■ Aim of the task
Lines from the one containing "Boat, Watercraft, Dinghy, Dock, Port, Waterfront, Yacht" through the end of the material are to be retyped exactly; do not copy pictures.
====== Stored data ======
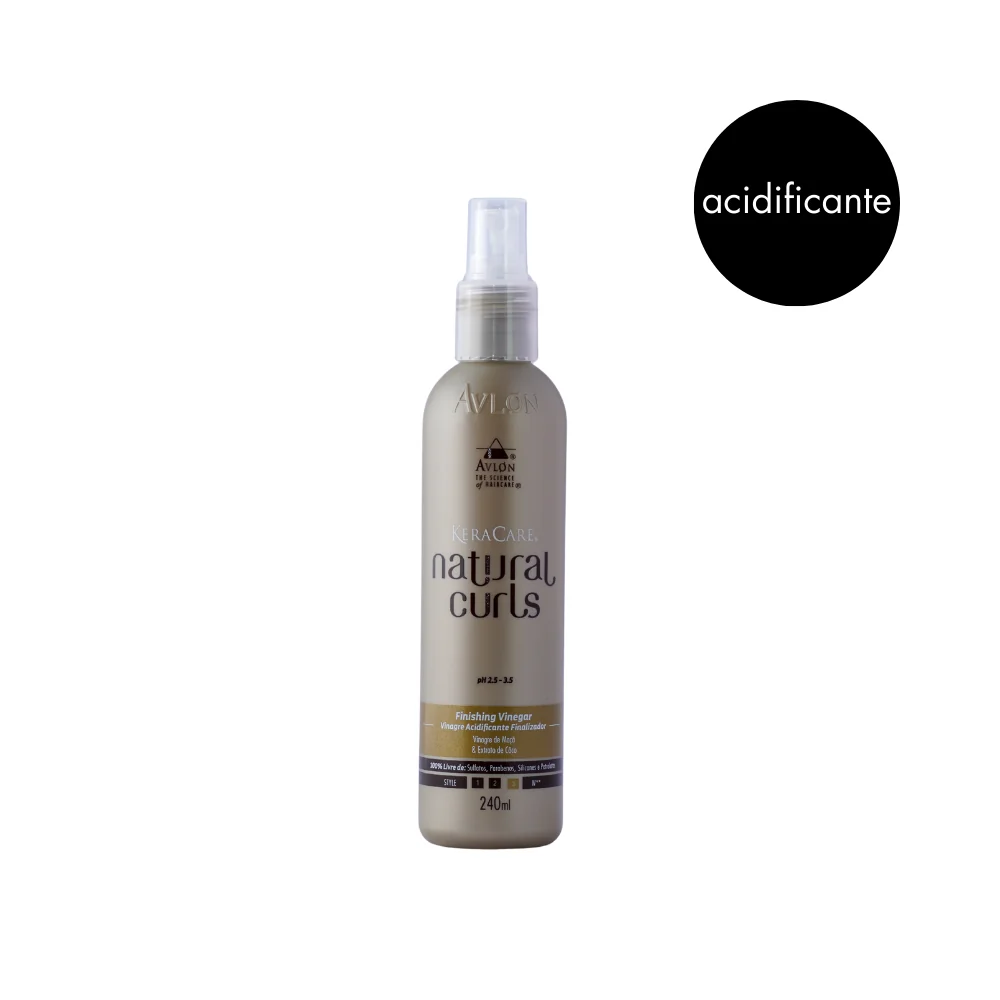 Acidificante Natural Curls Finishing Vinegar 240ml - Image 2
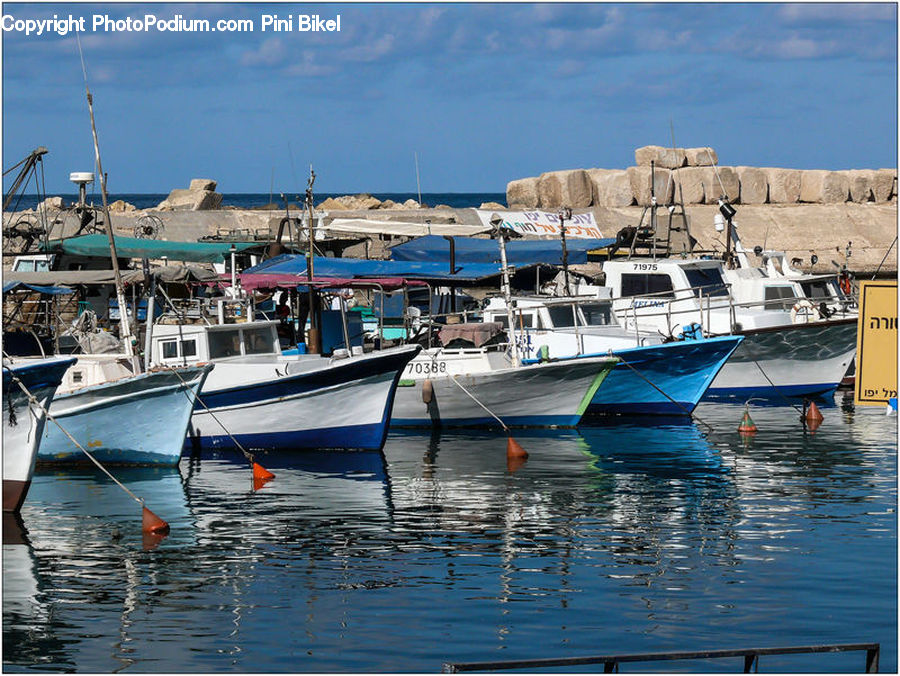 Boat, Watercraft, Dinghy, Dock, Port, Waterfront, Yacht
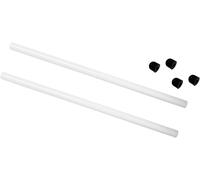 2 pièces pour Intex Pure Spa Hot Tub Pompe arbre Fix E90 Erreur 2 arbres en céramique avec 4 capuchons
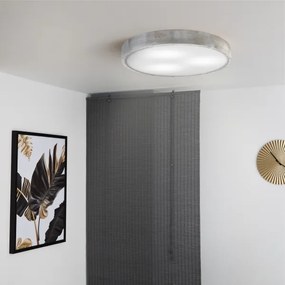 Brilagi - PINO mennyezeti lámpa 3xE27/15W/230V, fenyő/ezüst, átm. 47,5 cm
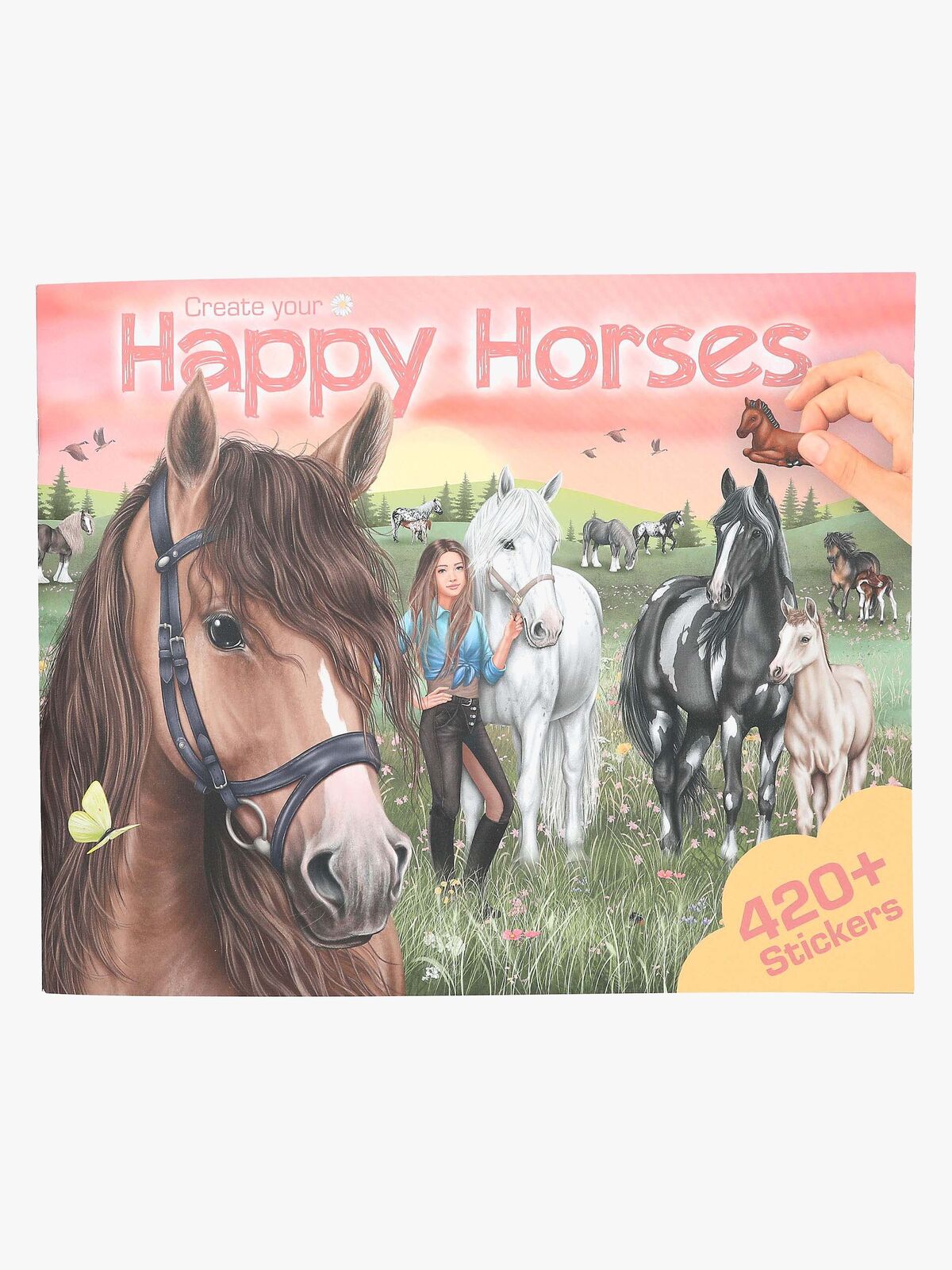 Motto Trends Kreabog Create Your Own Happy Horses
======
■ Result of the exercise
 Boat, Watercraft, Dinghy, Dock, Port, Waterfront, Yacht
 2 pièces pour Intex Pure Spa Hot Tub Pompe arbre Fix E90 Erreur 2 arbres en céramique avec 4 capuchons
 Brilagi - PINO mennyezeti lámpa 3xE27/15W/230V, fenyő/ezüst, átm. 47,5 cm
 Motto Trends Kreabog Create Your Own Happy Horses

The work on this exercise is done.